The described embodiments relate to optical elements used with illumination modules that include Light Emitting Diodes (LEDs), and more particularly to optical elements that serve as reflectors for illumination modules.
The use of LEDs in general lighting is becoming more common, but poor color quality and poor color rendering remain as issues. Illumination devices that combine a number of LEDs may be used to improve the color quality and rendering, but suffer from spatial and/or angular variations in the color. Moreover, illumination devices that use LEDs sometimes are limited in the resulting emission patterns.
An optical element that may be replaceably mounted to an LED based illumination device. The optical element includes a hollow shell reflector and a plurality of annular shell elements disposed within the hollow shell reflector at different distances from the input port of the optical element. An annular shell element that is closer to the input port of the optical element has a radius that is less than the radius of an annular shell element farther from the input port.
In one configuration, an apparatus includes an LED based illumination device operable to emit light in a Lambertian pattern over a surface of an output window; and an optical element coupled to receive the light emitted from the output window of the LED based illumination device, the optical element having an input port and an output port, wherein a perimeter of the optical element increases in size from the input port to a maximum perimeter, the optical element comprising: a hollow shell reflector having a first height; a first annular shell element having a first radius and a second height that is less than the first height, the first annular shell element disposed within the hollow shell reflector; and a second annular shell element having a second radius and a third height, the second annular shell element disposed within the hollow shell reflector at a location closer to the input port of the optical element than a location of the first annular shell element, wherein the second radius is less than the first radius.

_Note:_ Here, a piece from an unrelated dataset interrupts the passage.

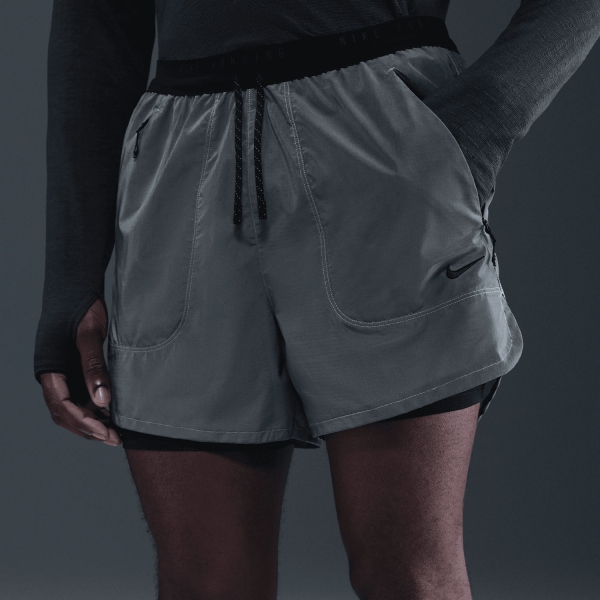 Pantalone cortos Running Hombre Nike Reflect 2 in 1 4in Shorts  Black/Reflective Silver IM6267010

In one configuration, an optical element includes an input port configured to receive light emitted from a planar light emitting area of an LED based illumination device; an output port configured to emit an amount of light; a hollow shell reflector having a first height; a first annular shell element having a first radius and a second height that is less than the first height, the first annular shell element disposed within the hollow shell reflector; and a second annular shell element having a second radius and a third height that is less than the first height, the second annular shell element disposed within the hollow shell reflector at a location closer to the input port of the optical element than a location of the first annular shell element, wherein the second radius is less than the first radius.
In one configuration, an optical element includes an input port configured to receive light emitted from a planar light emitting area of an LED based illumination device; an output port configured to emit an amount of light; a hollow shell reflector having a first height; a first annular shell element having a first diameter and a second height that is less than the first height; a curved, annular shell element having a second diameter that is less than the first diameter, and a third height that is greater than the second height and less than the first height; a second annular shell element having a third diameter that is less than the second diameter and a fourth height that is less than the third height, wherein the curved annular shell element and the first and second annular shell elements are disposed within the hollow shell reflector.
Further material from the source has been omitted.